Dove più dell’occasione, una cerimonia per ricordare le 11 vittime dell’attentato terroristico di 15 anni fa contro l’Ambasciata degli Stati Uniti, a risaltare è stato l’inedito groviglio di significati e di percezioni politiche contrastanti, prodotto dalla vicinanza tra due leader che nell’immaginario pubblico hanno rappresentato due, vere o presunte, diverse visioni del mondo nel secolo inaugurato l’11 settembre 2001.

Certo, la foto sotto gli alberi di Dar Es Salam rende più ragione al predecessore repubblicano, di quanto non faccia al presidente in carica. Soprattutto nel merito della politica africana, riassumendo il tema ricorrente del (tardivo) viaggio di Barack Obama nel «suo» continente: quello di costruire una legacy , un lascito che non impallidisca rispetto a quello di George W., di sicuro il presidente che ha fin qui dedicato più sforzi e attenzione all’Africa, impegnando con successo miliardi di dollari nella lotta all’Aids. Obama stesso ieri gli ha apertamente riconosciuto il merito di aver salvato milioni di vite.

Ma come in Blow-Up di Michelangelo Antonioni, il fotogramma della Tanzania tradisce qualcosa di non immediatamente visibile a occhio nudo. Colta nel momento in cui dall’Europa sale un grido di indignazione, in gran parte ipocrita, verso gli Stati Uniti, accusati di giocare sporco nel grande Risiko dello spionaggio; fissata mentre il culto globale di Obama appare incrinato di fronte al pragmatismo senza falsi pudori del Presidente, l’immagine ricorda non tanto che Barack Obama e George W. Bush siano la stessa cosa, come alcuni sostengono, quanto che esiste una continuità imprescindibile in ogni leadership americana. Perché una nazione, ricordava ieri il Financial Times citando le parole di Lord Palmerston, non ha alleati eterni, ma interessi eterni.

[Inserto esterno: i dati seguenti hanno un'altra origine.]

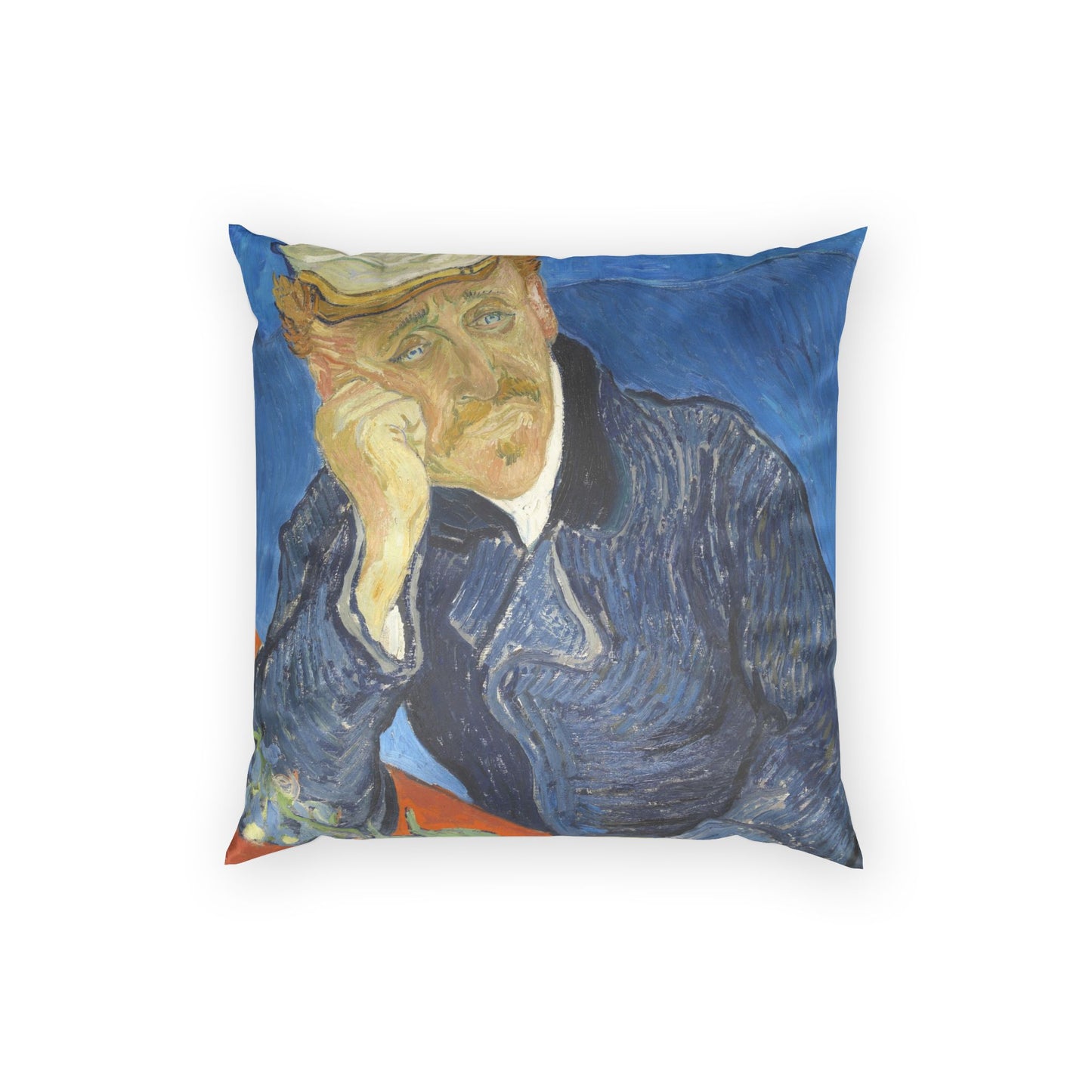 Van Gogh, Vincent - Portrait of Dr. Paul Gachet (1890) - Poly Velvet Pillow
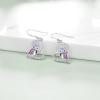 YFN Owl earrings for women Sterling Silver Owl Jewelry Gifts Drop Dangle Earrings for Women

Agli occhi del mondo progressista, che su di lui aveva proiettato desideri e aspettative palingenetiche, scambiandole per la realtà, Obama appare adesso come l’uomo che ha avallato l’ambizione da Grande Fratello della National Security Agency; il presidente che non ha saputo o voluto chiudere la prigione di Guantanamo; il leader che ha fatto massiccio ricorso all’uso dei micidiali droni per uccidere i terroristi e i sospetti terroristi islamici in Pakistan, Yemen e Somalia. Perfino in Africa, dove l’elezione del primo presidente americano nero, «un padre dal Kenya, una madre dal Kansas», aveva alimentato speranze e attese, Obama ha trovato folle pronte a contestarlo. «Ha fatto campagna come Jimmy Carter, ma governa come Henry Kissinger», ha detto uno studioso turco a Gideon Rachman, editorialista del Financial Times . Mentre anche negli Usa opinionisti liberal come Maureen Dowd, del New York Times , ribattezzano Obama come un clone di George W.

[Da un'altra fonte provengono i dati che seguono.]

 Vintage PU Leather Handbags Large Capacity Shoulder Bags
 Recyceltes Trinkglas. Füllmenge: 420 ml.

È una narrativa quantomeno esagerata. Non c’è dubbio che nella lotta al terrorismo Obama abbia fatto ricorso, a volte con convinzione altre con riluttanza, a strumenti e politiche ereditate dal suo predecessore. E che l’impiego dei droni sia stato intensificato, anche come conseguenza del doppio disimpegno militare dal terreno in Iraq e Afghanistan. Ma allo stesso tempo Obama ha chiuso per sempre il sistema delle rendition e posto fine all’uso della tortura, a cominciare dal waterboarding , negli interrogatori dei sospetti terroristi. Né ha mai rinunciato all’idea, rilanciata di recente, che «come tutte le guerre, anche quella contro il terrorismo islamico dovrà avere una fine». Senza però mettere mai a rischio, neppure per un momento, la sicurezza nazionale. Del resto, a chi lo accusa di aver tradito le promesse, occorrerebbe ricordare che perfino al momento di ricevere il Nobel per la Pace, Obama non rinunciò a pronunciare uno straordinario discorso, che tutto era fuorché una professione di pacifismo.

Pochi presidenti americani come Obama hanno ereditato, con una quantità mai vista di situazioni pregresse, un mondo in rapidissima accelerazione verso una complessità sempre più difficile, dove ogni paradigma conosciuto — fosse geo-strategico, economico o tecnologico — si sta rivelando insufficiente e inadeguato. E chi oggi, governi o pubbliche opinioni del mondo, urla allo scandalo, o non lo ha capito, ovvero non ha onestà intellettuale.